The volume of the reactor is 2L-2000m ³ , the height-to-diameter ratio (H/D) of the reactor is between 1:2-5:1; the ratio of the diameter of the draft tube to the diameter of the reactor (D _E /D) is 0.6-0.8 Between; the size of the guide tube from the bottom is within the range of 100-500mm.

The reactor of the utility model can be made of steel plate, glass or other materials. The main feature of the aerobic granular sludge membrane bioreactor is that the activated sludge in the reactor exists in granular form, the sludge settles quickly, the reaction activity is high, it can simultaneously nitrify and denitrify, the membrane pollution degree is light, and the service life of the membrane is long. There is a diversion tube in the reactor to make the liquid in the reactor form a circulation, so that the sludge with large particles and good settling properties can be kept in the guide tube, while the fine sludge with poor settling properties is carried by the circulation. to the outside of the draft tube and drained from the drain; these structures strengthen the mass transfer process of organic matter and granular sludge, so they have a higher organic load, the processing capacity of the reactor is improved, and the efficiency of the reactor is greatly improved; the reaction The impact resistance of the device against adverse conditions is enhanced.

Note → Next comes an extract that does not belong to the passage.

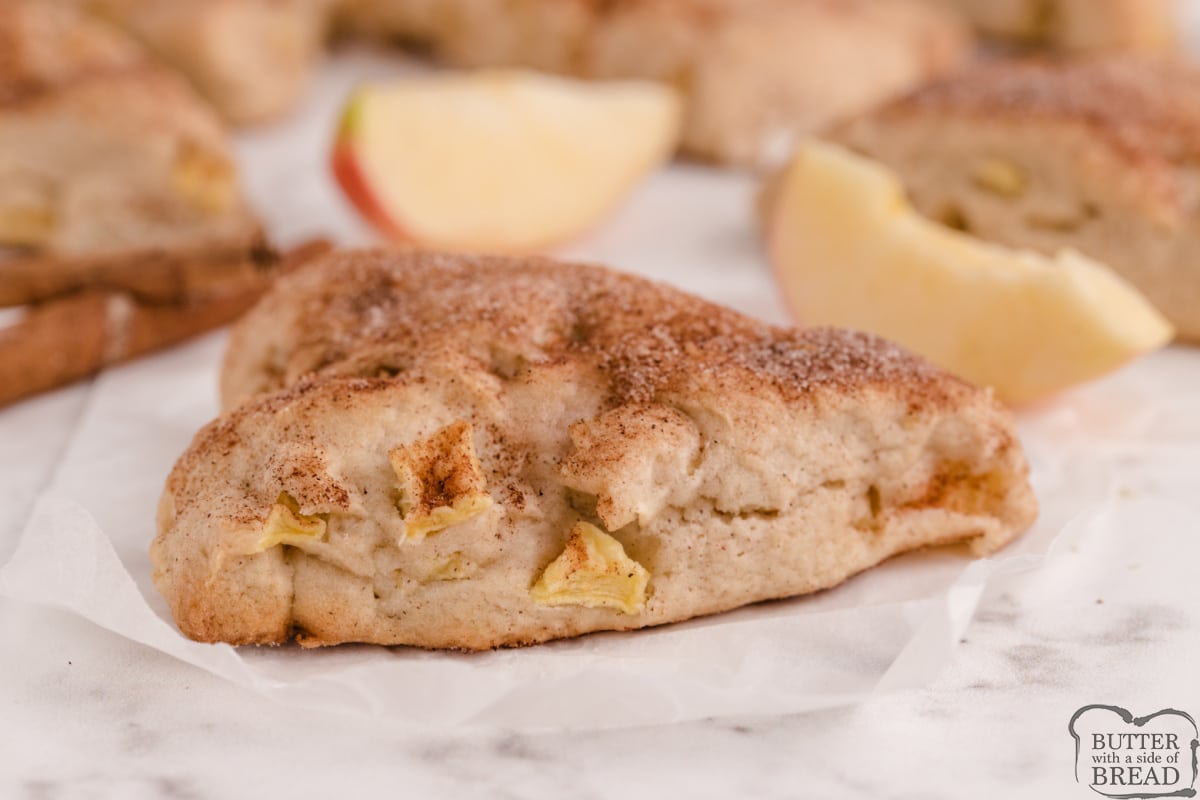 Apple Cinnamon Scones made with fresh apples and topped with cinnamon and sugar. Delicious homemade scone recipe that is great for breakfast or a sweet treat!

At the same time, it is connected to the computer through the data line, and the liquid level, membrane pressure, suction pump and blower in the reactor are automatically controlled and detected by the computer system. The high degree of automation greatly reduces the labor intensity.

This device can be used not only for water reuse in residential areas and buildings, but also for hospital wastewater treatment, fecal wastewater treatment, advanced treatment of various high-concentration organic industrial wastewater, and landfill/compost leachate treatment, because it can Used for purification of slightly polluted drinking water.

Description of drawings

Figure 1 is a structural diagram of an aerobic granular sludge membrane bioreactor (GMBR).

1. Control system, 2. Water inlet, 3. Grille, 4. Liquid level indicator, 5. Membrane module, 6. Diversion barrel, 7. Aeration tube, 8. Pressure sensor, 9. Liquid flow meter, 10. Water outlet, 11. Water outlet, 12. Suction pump, 13. Gas flow meter, 14. Blower.

Detailed ways

Below by embodiment the utility model is given further detailed description.

Example 1: Granular sludge cultivation of GMBR

Add activated sludge into the reactor, control the pH between 7.0 and 8.5, change the system COD volume load between 0.5 and 2.0kg/m ³ .d, control the amount of aeration, and discharge fine sludge from the outlet intermittently. Aggregates with a relatively compact structure appeared after 3-4 days, and aerobic granular sludge gradually appeared after 8 days. On this basis, by controlling the aeration rate and sludge discharge, the flocculent sludge with poor settling performance is continuously washed out, and the reactor is dominated by granular sludge. It has been determined that the aerobic granular sludge in the reactor has a good treatment effect on COD and NH ₃ -N in wastewater.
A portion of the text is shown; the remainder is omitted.